The Sharks still hadn’t registered a single shot on goal in the second period when Marian Gaborik, who had been missing himself in the first two games, gave the Kings their first lead of the night, 2-1 at 7:59 of the middle frame. The Kings were primed to take the game over at that point, as the Sharks couldn’t get anything going offensively in a building in which they had just one win in their last 11 games.

It didn’t happen, though. The Sharks found their legs, dominated the third period, and although the Kings swarmed them early in overtime, found a way to take a commanding 3-0 series lead on Patrick Marleau’s deflected overtime marker.

Head coach Todd McLellan pointed to the shift after the Gaborik goal and helping turn it around, when Joe Thornton and Brent Burns crashed the Los Angeles net and provided a much-needed scoring chance.

“I thought we had a real good bump-up shift after the goal, with Jumbo’s line going out and creating a bit of offensive attack again,” McLellan said.

“We had two choices: get on our heels, or get going again. We picked the right one, and carried it over into the third period.”

The Sharks outshot Los Angeles 23-8 in the third, nearly winning in regulation on a late power play.

Logan Couture said the Sharks saw the Kings team they figured they would see to when this series began, rather than the club that allowed 13 goals in the first two games.

“They were just better overall,” Couture said. “They were very loose in the first two games, giving up chances that they don’t usually give up. That’s the kind of game we expected from the start. We got that tonight, and we were able to beat them.”

Goals from rookies Matt Nieto and Tomas Hertl helped to force overtime. Nieto’s came on a deflected puck in the second period after Quick was interfered with by his own man, while Hertl camped out in front of the net for a third period marker, answering Jeff Carter’s power play goal.

“They both had a huge, positive impact on the game,” McLellan said.

Antti Niemi, who was under a microscope to start the series, played his best hockey at the start of overtime. He batted away a shot from Justin Williams that looked destined for the top corner less than three minutes into the extra frame, and held his ground while the Kings swarmed the crease, trying desperately to get back into the series.

Incredibly, Niemi is now 9-1 in playoff games that advance to overtime in his Sharks career.

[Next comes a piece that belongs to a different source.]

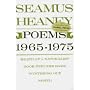 Poems, 1965-1975: Death of a Naturalist / Door Into the Dark / Wintering Out / North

“Huge saves early in the overtime,” Thornton said. “There’s a big crowd around Nemo, and he just battled for us. I don’t know how he saved a couple, but thank goodness.”

Couture said: “In overtime we weren’t making plays, we were kind of hanging on there. The bench and the coaches were trying to keep us calm and get us to make plays, and they really took it to us for the first five minutes of that overtime. Then we got a lucky bounce, and that’s the way things go sometimes.”

The Sharks will try for their second straight first round sweep on Thursday.

“It feels good, but there’s still a lot of work to be done,” Marleau said.